Pursuant to article 17 paragraph 1 in conjunction with article 17 paragraph 4 of Regulation of the European Parliament and of the Council (EU) No. 596/2014 of 16 April 2014 on market abuse and repealing Directive 2003/6/EC of the European Parliament and of the Council and Commission Directives 2003/124/EC, 2003/125/EC and 2004/72/EC (“MAR”), in connection with the resolution adopted today by the Management Board of Develia S.A. (“Issuer” or “Company”) on delayed public disclosure of inside information, the Issuer’s Management Board hereby communicates inside information the public disclosure of which was delayed on 23.11.2021 by the Issuer according to article 17 paragraph 4 of MAR. The Management Board decided to delay the disclosure of inside information in connection with the tender offer published on 12 January 2022 by FORSETI IV S.A R.L., INVEST LINE E S.A. and BEKAP FIZ (“Tender Offer”) in order to ensure that stockholders have access to inside information which can have a material influence on their decision to subscribe to the Company’s shares as offered in the Tender Offer.
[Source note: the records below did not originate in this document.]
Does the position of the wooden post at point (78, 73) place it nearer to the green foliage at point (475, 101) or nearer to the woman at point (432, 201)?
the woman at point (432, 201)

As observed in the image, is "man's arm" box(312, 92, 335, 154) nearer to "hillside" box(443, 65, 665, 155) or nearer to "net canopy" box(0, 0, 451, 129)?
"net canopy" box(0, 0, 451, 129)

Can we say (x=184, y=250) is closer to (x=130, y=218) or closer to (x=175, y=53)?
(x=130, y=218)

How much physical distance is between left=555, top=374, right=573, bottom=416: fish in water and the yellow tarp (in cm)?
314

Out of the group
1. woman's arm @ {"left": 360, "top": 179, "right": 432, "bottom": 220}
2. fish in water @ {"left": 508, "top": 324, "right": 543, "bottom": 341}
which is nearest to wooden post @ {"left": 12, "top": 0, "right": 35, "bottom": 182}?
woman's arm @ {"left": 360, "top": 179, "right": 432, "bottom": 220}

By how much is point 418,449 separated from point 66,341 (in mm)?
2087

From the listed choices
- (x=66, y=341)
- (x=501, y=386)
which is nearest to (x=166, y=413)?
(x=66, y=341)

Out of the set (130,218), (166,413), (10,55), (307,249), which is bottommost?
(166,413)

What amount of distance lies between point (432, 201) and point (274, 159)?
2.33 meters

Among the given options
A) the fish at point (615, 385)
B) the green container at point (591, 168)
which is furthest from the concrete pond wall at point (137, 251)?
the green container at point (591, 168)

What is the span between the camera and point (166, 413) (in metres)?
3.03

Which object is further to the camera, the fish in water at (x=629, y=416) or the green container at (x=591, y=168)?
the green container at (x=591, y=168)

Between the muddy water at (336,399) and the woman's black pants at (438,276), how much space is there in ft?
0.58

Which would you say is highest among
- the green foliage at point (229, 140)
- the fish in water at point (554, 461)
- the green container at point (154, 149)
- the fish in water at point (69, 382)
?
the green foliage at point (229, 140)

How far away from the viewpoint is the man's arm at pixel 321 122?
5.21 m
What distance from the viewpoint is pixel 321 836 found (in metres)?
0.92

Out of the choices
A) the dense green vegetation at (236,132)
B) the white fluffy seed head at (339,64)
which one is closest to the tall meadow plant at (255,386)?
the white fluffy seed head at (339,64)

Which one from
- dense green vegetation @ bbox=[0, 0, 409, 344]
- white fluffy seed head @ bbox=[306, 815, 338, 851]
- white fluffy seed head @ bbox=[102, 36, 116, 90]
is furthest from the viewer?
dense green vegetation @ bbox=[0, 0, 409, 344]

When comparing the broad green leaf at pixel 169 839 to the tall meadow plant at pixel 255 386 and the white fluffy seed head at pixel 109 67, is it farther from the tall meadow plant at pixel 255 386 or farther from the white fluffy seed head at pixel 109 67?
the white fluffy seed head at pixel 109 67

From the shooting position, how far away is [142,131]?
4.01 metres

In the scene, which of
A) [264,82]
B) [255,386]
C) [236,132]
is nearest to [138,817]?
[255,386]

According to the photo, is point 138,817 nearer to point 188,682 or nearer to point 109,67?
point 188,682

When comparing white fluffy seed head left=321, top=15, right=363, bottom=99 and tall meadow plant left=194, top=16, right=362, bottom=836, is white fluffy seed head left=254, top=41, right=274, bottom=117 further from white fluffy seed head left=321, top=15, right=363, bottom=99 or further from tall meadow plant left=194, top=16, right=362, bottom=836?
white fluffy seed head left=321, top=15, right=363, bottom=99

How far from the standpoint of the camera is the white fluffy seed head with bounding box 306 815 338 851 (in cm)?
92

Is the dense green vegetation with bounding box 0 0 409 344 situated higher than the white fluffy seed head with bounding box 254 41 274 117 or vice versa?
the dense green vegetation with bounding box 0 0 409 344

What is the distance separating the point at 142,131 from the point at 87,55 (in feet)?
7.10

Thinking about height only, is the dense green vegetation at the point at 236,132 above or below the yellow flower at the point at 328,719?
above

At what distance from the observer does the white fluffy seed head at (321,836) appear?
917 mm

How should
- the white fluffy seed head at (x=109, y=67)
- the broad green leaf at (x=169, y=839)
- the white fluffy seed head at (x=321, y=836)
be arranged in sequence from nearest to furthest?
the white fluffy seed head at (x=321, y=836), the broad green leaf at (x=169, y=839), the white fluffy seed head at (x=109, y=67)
Contents of the delayed inside information:
The Management Board of the Issuer hereby informs that on 23.11.2021 a subsidiary of the Issuer – Develia Invest Sp. z o.o. (“Company”) – in which the Issuer holds 100% shares corresponding to 100% of votes at the Company’s meeting of shareholders, concluded a Letter of Intent with a European company investing in commercial estates concerning the purchase of land property in Wrocław at ul. Kolejowa (“Real Property”) including a part of a project consisting of construction of two multi-purpose buildings with a shared underground car park and necessary infrastructure (“Project”) planned by the Company within the Real Property.
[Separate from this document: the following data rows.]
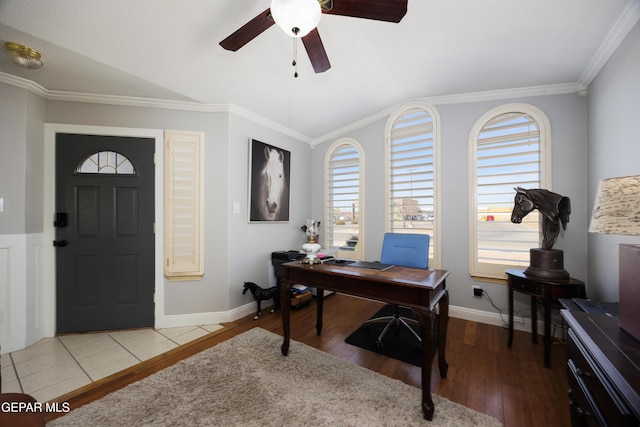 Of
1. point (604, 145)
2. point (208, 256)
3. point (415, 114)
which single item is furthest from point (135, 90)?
point (604, 145)

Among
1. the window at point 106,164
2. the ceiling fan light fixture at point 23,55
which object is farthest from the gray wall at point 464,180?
the ceiling fan light fixture at point 23,55

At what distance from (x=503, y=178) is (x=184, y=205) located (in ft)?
11.6

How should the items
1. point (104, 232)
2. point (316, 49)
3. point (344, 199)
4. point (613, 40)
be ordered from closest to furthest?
point (316, 49) → point (613, 40) → point (104, 232) → point (344, 199)

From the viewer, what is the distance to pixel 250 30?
1445 millimetres

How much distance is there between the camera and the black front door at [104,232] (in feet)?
8.29

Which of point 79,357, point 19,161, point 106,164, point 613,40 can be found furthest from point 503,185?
point 19,161

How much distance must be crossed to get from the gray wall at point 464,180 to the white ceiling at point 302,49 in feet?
0.85

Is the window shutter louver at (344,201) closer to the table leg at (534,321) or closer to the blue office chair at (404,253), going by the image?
the blue office chair at (404,253)

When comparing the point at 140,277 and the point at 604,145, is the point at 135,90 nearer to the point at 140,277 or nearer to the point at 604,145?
the point at 140,277

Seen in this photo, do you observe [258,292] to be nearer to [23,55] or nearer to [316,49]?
[316,49]

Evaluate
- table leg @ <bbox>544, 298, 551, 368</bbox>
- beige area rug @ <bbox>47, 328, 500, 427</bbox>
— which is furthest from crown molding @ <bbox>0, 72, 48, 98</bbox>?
table leg @ <bbox>544, 298, 551, 368</bbox>

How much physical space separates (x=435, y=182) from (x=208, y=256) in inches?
113

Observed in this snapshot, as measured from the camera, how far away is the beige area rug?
1.47 m

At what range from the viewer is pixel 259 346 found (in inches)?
90.6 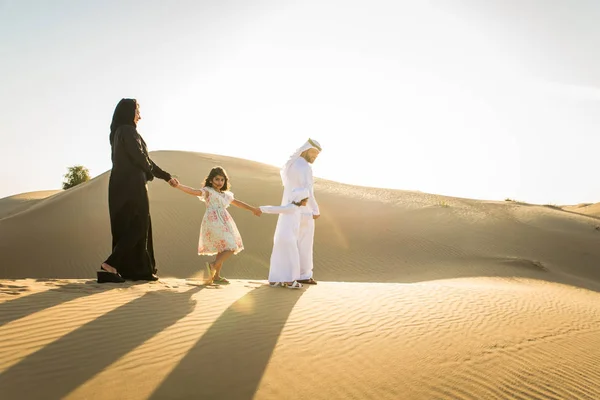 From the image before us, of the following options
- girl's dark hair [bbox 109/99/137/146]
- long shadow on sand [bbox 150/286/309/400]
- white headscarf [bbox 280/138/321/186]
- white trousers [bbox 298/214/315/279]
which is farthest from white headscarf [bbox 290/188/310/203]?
girl's dark hair [bbox 109/99/137/146]

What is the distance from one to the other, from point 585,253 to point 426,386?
15929mm

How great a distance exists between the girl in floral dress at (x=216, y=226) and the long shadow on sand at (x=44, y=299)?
5.51ft

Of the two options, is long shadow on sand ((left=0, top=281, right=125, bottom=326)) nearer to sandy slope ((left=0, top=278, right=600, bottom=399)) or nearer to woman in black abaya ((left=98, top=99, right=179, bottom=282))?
sandy slope ((left=0, top=278, right=600, bottom=399))

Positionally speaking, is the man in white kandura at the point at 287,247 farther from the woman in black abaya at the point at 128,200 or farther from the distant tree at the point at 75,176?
the distant tree at the point at 75,176

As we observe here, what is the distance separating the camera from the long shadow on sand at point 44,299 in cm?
433

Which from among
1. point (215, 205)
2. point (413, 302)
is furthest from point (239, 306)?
point (413, 302)

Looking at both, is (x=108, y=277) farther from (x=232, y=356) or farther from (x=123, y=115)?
(x=232, y=356)

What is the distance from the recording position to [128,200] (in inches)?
248

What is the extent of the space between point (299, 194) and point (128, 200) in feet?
8.54

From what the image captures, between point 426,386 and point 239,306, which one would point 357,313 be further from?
point 426,386

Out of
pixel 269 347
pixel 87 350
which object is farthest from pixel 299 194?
pixel 87 350

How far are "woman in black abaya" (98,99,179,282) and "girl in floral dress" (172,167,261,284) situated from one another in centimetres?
78

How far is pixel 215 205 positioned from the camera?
721cm

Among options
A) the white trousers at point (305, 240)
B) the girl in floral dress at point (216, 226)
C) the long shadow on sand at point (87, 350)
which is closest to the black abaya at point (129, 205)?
the girl in floral dress at point (216, 226) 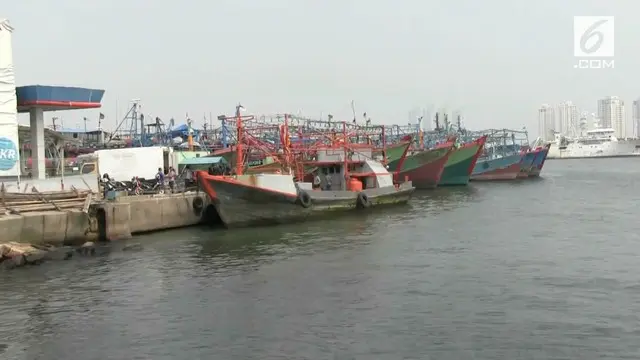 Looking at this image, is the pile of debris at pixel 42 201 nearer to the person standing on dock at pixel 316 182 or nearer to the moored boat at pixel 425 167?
the person standing on dock at pixel 316 182

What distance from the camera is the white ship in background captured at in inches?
5325

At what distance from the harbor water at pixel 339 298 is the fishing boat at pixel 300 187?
7.41 feet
Upon signing the LOI, the Company and the buyer commenced negotiations of the terms and conditions of sale. In the LOI, the parties agreed on the estimated total selling price for the Real Property, including the building within the Real Property, at PLN 139,415,000.00 net, to be further verified based on the findings of due diligence.
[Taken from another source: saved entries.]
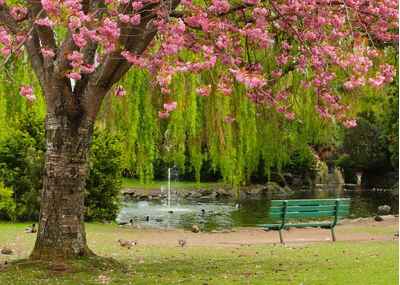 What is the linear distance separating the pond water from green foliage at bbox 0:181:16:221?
4.17 meters

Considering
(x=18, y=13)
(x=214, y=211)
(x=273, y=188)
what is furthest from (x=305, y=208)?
(x=273, y=188)

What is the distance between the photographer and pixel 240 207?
28.5 metres

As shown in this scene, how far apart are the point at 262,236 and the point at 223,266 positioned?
6.43 metres

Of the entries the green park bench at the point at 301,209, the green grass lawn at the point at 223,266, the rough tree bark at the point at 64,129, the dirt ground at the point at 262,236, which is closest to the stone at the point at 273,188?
the dirt ground at the point at 262,236

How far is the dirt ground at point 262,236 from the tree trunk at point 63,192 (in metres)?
4.60

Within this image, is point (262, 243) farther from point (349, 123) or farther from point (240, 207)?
point (240, 207)

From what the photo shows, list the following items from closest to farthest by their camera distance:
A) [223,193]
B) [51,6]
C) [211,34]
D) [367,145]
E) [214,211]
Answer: [51,6] < [211,34] < [214,211] < [223,193] < [367,145]

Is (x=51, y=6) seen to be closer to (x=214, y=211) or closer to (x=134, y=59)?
(x=134, y=59)

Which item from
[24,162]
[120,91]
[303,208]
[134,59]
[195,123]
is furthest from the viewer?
[24,162]

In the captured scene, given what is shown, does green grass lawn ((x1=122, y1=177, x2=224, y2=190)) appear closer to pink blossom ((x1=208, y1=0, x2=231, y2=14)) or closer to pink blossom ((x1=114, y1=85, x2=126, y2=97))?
pink blossom ((x1=114, y1=85, x2=126, y2=97))

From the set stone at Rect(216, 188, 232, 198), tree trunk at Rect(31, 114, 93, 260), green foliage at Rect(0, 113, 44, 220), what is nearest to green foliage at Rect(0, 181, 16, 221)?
green foliage at Rect(0, 113, 44, 220)

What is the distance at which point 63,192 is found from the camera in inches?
341

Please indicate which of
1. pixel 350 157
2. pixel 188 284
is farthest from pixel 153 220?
pixel 350 157

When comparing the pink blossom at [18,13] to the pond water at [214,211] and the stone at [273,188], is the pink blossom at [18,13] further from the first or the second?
the stone at [273,188] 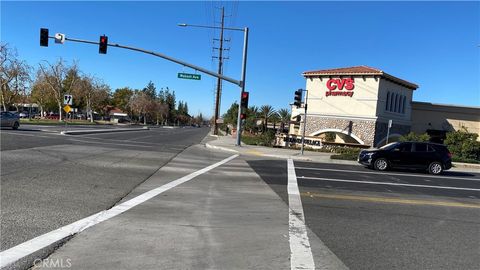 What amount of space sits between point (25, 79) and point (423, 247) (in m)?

Other provisions of the LOI, including references to the terms and conditions of transaction, do not differ from standard provisions of such documents.
Information about the LOI, according to the Issuer, is deemed inside information within the meaning of article 7 of MAR, since the value of the potential transaction will make it a material transaction for the Issuer.
According to the Issuer, delayed public disclosure of the information on the LOI signed by the Company and commencement of negotiations with the buyer concerning the terms and conditions of sale did not mislead the public and the Issuer was able to ensure the confidentiality of the delayed inside information. The Management Board of the Issuer decided to delay the disclosure of the said inside information as its immediate disclosure was likely to prejudice the legitimate interests of the Issuer.
Pursuant to article 17 paragraph 4 of MAR, immediately upon public disclosure of this report, the Issuer will inform the Polish Financial Supervision Authority that disclosure of the said inside information was delayed and provide a written explanation of how the conditions for such a delayed disclosure were met.